There's also a question of backward compatibility. Since CSRF_ALLOWED_ORIGINS is empty by default, only same-origin requests will be allowed unless the new settings are set. I can't think of a useful deprecation path here, but perhaps a system check to flag an empty CSRF_ALLOWED_ORIGINS if CSRF_TRUSTED_ORIGINS isn't empty could be helpful in giving a heads up.

comment:13 Changed 3 years ago by Tim Graham

I posted those questions and more to django-developers.

comment:14 Changed 3 years ago by Tim Graham

Patch needs improvement: unset

PR is ready for some review.

comment:15 Changed 3 years ago by Tim Graham

Triage Stage: AcceptedReady for checkin

Reviewed by Florian Apolloner, Chris Jerdonek, and Adam Johnson.
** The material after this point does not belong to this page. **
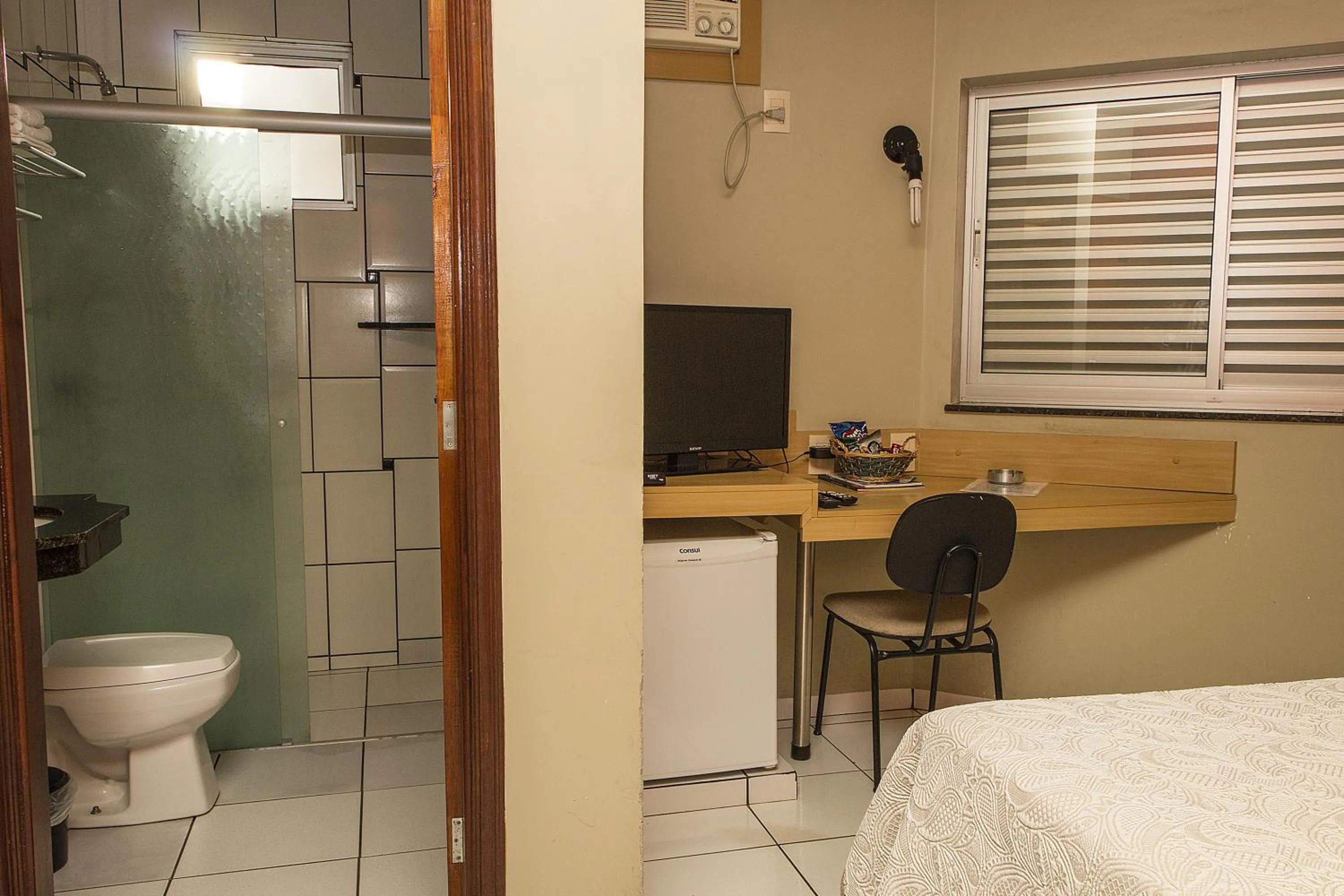 Photo of the whole room in JP Palace Hotel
comment:16 Changed 3 years ago by Mariusz Felisiak <felisiak.mariusz@…>

In dba44a7a:

Refs #16010 -- Required CSRF_TRUSTED_ORIGINS setting to include the scheme.

comment:17 Changed 3 years ago by Mariusz Felisiak <felisiak.mariusz@…>

Resolution: fixed
Status: assignedclosed

In 2411b8b5:

Fixed #16010 -- Added Origin header checking to CSRF middleware.

Thanks David Benjamin for the original patch, and Florian
Apolloner, Chris Jerdonek, and Adam Johnson for reviews.